Exercise directions ▸ Repeat only the lines below from the one containing "Weight belt for" through the one containing "RAV463 Remote Control for Yamaha TVs 3", inclusive, exactly as written.

Dataset entries:
------------------------------------------------------------

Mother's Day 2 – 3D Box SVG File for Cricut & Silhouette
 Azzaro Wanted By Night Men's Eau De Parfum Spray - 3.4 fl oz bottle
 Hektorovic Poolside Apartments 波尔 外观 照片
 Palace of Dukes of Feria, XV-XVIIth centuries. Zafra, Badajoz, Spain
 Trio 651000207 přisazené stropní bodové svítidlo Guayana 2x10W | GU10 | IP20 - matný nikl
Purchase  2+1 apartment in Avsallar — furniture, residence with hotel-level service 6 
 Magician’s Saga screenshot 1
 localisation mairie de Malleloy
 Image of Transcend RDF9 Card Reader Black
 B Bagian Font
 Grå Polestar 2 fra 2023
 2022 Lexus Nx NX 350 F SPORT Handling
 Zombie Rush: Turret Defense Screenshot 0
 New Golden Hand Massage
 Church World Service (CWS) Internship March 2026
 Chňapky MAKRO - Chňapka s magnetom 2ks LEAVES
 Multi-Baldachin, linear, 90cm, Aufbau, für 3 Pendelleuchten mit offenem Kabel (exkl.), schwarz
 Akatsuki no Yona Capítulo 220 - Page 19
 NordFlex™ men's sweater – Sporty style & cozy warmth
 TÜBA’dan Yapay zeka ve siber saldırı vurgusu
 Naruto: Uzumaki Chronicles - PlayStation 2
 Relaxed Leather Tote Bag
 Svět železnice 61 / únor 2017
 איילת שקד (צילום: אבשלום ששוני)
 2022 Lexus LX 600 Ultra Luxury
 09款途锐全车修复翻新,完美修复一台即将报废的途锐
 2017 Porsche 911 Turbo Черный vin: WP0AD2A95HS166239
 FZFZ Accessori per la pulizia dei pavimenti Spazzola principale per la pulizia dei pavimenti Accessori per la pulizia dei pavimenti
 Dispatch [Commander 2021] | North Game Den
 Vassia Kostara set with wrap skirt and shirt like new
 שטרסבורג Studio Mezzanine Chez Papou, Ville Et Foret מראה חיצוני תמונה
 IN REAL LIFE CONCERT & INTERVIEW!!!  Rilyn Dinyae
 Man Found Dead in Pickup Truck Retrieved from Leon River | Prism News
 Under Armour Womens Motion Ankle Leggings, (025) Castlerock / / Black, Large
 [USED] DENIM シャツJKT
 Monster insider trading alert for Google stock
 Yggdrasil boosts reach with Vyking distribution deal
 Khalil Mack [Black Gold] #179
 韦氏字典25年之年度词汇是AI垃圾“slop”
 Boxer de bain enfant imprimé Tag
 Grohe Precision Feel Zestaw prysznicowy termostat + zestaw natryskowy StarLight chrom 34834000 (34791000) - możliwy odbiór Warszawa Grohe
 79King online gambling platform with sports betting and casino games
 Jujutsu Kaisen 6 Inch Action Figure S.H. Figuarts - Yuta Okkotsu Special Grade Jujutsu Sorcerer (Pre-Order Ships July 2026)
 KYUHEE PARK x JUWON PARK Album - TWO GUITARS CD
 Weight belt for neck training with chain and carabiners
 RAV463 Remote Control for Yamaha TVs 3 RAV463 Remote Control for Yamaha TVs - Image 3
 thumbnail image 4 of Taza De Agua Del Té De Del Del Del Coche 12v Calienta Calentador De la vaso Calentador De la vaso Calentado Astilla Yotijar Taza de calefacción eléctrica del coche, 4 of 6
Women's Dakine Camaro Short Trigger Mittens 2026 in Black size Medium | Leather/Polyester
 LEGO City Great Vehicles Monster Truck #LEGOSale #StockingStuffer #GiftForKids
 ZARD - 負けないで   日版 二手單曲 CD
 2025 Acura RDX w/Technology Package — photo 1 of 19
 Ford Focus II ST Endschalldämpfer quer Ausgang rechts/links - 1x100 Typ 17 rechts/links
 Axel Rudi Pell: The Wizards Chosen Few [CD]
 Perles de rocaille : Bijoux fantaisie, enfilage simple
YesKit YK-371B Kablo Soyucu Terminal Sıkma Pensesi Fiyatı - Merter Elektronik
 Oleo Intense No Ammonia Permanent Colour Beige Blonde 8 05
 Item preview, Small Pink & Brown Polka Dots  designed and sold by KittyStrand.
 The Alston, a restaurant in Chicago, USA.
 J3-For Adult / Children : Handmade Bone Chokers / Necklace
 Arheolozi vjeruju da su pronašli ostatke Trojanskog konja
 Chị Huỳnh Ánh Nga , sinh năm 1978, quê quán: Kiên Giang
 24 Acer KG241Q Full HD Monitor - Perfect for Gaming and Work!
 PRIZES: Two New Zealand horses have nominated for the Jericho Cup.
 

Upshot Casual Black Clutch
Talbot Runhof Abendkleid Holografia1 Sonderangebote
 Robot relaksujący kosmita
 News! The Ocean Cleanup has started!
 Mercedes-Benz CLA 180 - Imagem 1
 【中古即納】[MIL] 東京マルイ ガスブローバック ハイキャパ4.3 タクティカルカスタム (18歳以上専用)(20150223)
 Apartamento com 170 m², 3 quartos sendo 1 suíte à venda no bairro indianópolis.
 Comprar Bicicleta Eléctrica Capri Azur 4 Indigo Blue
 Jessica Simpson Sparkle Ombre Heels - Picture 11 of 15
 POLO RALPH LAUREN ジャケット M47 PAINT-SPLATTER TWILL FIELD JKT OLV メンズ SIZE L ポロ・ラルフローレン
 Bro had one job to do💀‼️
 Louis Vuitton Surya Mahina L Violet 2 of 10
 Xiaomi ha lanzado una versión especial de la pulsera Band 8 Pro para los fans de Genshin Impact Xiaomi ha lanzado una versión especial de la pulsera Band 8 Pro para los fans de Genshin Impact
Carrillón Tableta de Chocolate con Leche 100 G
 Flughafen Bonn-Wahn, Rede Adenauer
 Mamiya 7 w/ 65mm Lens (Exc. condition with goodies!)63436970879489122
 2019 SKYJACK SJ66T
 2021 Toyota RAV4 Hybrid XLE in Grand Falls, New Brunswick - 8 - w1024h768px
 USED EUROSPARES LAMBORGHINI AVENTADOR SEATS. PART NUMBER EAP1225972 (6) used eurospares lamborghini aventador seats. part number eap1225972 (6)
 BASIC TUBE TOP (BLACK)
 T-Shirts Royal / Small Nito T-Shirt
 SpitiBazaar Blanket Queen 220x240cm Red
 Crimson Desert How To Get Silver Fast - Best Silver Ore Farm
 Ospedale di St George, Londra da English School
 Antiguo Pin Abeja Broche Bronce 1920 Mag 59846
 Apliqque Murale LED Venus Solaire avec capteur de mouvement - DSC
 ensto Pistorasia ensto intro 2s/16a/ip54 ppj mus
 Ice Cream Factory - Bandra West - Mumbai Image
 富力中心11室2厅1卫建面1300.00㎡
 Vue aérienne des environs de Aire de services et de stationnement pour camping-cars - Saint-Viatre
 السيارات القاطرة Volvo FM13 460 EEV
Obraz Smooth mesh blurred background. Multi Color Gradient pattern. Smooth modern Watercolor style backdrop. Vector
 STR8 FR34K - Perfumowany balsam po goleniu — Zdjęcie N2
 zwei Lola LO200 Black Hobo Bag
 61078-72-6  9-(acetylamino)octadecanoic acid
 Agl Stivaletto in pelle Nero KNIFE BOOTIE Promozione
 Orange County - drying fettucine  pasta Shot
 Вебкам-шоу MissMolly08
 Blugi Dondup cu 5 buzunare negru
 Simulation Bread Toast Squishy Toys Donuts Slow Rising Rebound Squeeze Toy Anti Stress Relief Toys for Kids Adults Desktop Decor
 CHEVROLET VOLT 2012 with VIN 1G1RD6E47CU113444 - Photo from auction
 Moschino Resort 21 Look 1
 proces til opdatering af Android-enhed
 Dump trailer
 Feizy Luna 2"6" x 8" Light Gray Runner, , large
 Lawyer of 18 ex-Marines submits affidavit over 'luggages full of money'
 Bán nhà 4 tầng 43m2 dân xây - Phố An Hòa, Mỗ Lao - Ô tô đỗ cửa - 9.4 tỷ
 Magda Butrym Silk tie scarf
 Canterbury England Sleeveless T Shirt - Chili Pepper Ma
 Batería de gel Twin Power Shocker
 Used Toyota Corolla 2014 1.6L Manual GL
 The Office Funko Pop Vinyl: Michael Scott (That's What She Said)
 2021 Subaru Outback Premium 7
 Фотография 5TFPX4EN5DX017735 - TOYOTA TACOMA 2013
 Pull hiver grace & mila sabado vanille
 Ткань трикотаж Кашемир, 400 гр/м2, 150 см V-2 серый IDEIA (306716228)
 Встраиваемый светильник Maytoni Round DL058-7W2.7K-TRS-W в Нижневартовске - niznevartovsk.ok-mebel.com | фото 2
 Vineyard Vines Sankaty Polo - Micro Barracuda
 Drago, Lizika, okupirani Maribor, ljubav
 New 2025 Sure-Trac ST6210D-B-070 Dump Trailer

------------------------------------------------------------

Answer space ▸
 Weight belt for neck training with chain and carabiners
 RAV463 Remote Control for Yamaha TVs 3 RAV463 Remote Control for Yamaha TVs - Image 3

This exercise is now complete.